In addition, 204 patients underwent surgical resection for STS. Furthermore, 107 patients had an Eastern Cooperative Oncology Group (ECOG) score of 0, 61 had an ECOG score of 1, one had an ECOG score of 2, one had an ECOG score of 5, and 34 did not have a reported ECOG score. Preoperatively, 131 patients received chemotherapy, and 132 received radiotherapy. Postoperatively, 74 patients received chemotherapy, and 131 received radiotherapy.

Figure 1 shows the PFS of patients diagnosed with STS. The mean PFS for patients with STS was 100.95 months (95% CI 82.9–119,) and the median PFS was 55 months (95% CI 17.68–92.32).

Figure 1.

Kaplan–Meier curve of progression-free survival (PFS) for patients diagnosed with soft tissue sarcomas (STS).

Figure 2 displays four PFS graphs for patients with STS according to tumor size, grade, histologic subtype, and smoking status. In Figure 2a, the Kaplan–Meier curve of PFS for patients with STS according to histological subtype is displayed with an overall statistical significance (p < 0.001). The mean PFS was 112.25 months for spindle cell sarcoma (95% CI 79.32–145.18), 64.9 months for liposarcoma (95% CI 42.49–87.32), 142.24 months for undifferentiated pleomorphic sarcoma (95% CI 101.71–182.77), 136.66 months for gastrointestinal stromal tumors (GIST) (95% CI 108.14–165.19), 67.24 months for malignant fibrous histiocytoma (95% CI 24.17–110.32), and 21.11 months for leiomyosarcoma (95% CI 7.921–34.31). The median PFS for liposarcoma, malignant fibrous histiocytoma, and leiomyosarcoma was 91 months (95% CI 20.34–161.66), 22 months (95% CI 0–64.52), and 14 months (95% 3.79–24.2), respectively. The median PFS could not be obtained for spindle cell, undifferentiated pleomorphic sarcoma, and GIST subtypes. Other histologic subtypes were grouped together, and they included phyllodes, dermatofibrosarcoma protuberans, synovial sarcoma, myxoid sarcoma, and desmoplastic round cell tumors. These tumors had a mean PFS of 97.18 months (95% CI 63.57–130.74) and a median PFS of 46 months (95% 17.03–74.97).

Figure 2.

Kaplan–Meier curves of progression-free survival (PFS) for patients with soft tissue sarcomas (STS) according to histologic grade (a), tumor size (b), smoking status (c), and grade (d).

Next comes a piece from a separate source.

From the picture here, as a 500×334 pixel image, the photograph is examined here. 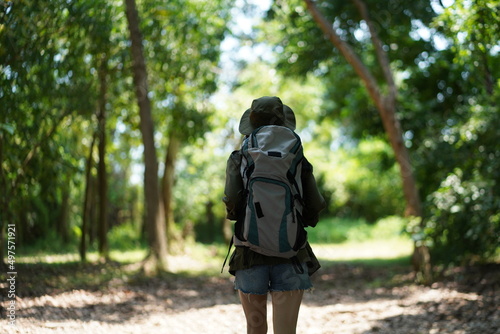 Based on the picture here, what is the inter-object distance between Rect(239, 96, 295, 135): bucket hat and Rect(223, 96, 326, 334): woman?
22 cm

In Figure 2b, patients with STS are compared according to tumor size. Tumor size was divided into <10 cm and ≥10 cm. Patients with a smaller tumor size had a mean PFS of 144.59 months (95% CI 110.37–178.8) compared with 88.13 months (95% CI 57.01–119.25) for patients with a larger tumor size.

In Figure 2c, patients with STS are compared according to their smoking status. Patients with no previous history of smoking had a mean PFS of 134.63 months (95% CI 109.36–159.89) compared with smokers who had a mean PFS of 80.9 months (95% CI 58.99–102.81) (p < 0.05).

In Figure 2d, the Kaplan–Meier curve shows that patients with a high-grade tumor had a mean PFS of 9.58 months (95% CI 187.23–221.77), whereas patients with a low-grade tumor had a mean PFS of 50.17 months (9% CI 29.41–70.93) (p < 0.001).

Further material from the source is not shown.